Above, Iceman, Jean, and Cannonball are slowly being overwhelmed. Jean tells Iceman to extend a bridge, but the stone Wolverine attacks him. Some more stone statues are about to ambush the group, but Elektra knocks them off the ledge. The Magneto statue pins Jean, and flings some rock spikes at Wolverine, who shields Cyclops with his body. Scott responds by blowing the statue away with a laser blast. Ozymandias destroys the column in the center with all the carvings to preserve its secrets, so Iceman saves Wolverine and Cyclops.

Afterwards Wolverine acts savage, but Jean calms him down. Everyone agrees that it’s time to leave.

How It Was: I cannot see what the X-Offices were thinking at all with this one. How does giving your main character absurd proportions and reducing his mind so that he can only growl make for a better book? At one point he actually licks Cyclops’ face like a dog! Frankly this story is stupid for so many reasons, the main one being Wolverine’s transformation. The second reason is that I can’t really tell why Ozymandias is fighting the X-Men, other than the fact that he’s a bad guy and they’re good guys.
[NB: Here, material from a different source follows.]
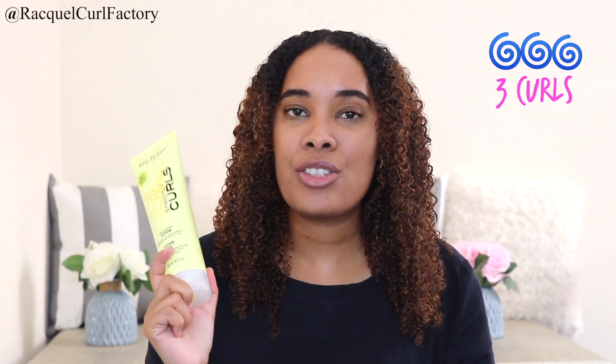If you are a hundred percent sure that this is sulfate, silicone, and paraben free, drop it down in the comments so that all of us can know. But again, no information on the packaging. The Curl Factory recommends that you be very careful and use this very sparingly. I like the size, but the quality I'm not very sure about, so I'm giving it average — three out of five. That's three curls. Be very careful with this, guys.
So it’s just an issue of the X-Men fighting stone statues for no reason. Kubert competently renders the action, but there’s no real investment in any of it. Elektra’s role in this story is so minor that she might as well not be in it, and as I said before, Wolverine is not compelling now that he has the brain of an animal with no personality. And the reveal of Professor X’s depiction in Apocalypse’s temple feels significant here, but is never mentioned again, so it’s hard to get excited by it.

Overall, I do not have a lot to say about this issue. It’s dull, boring, and disappointing overall.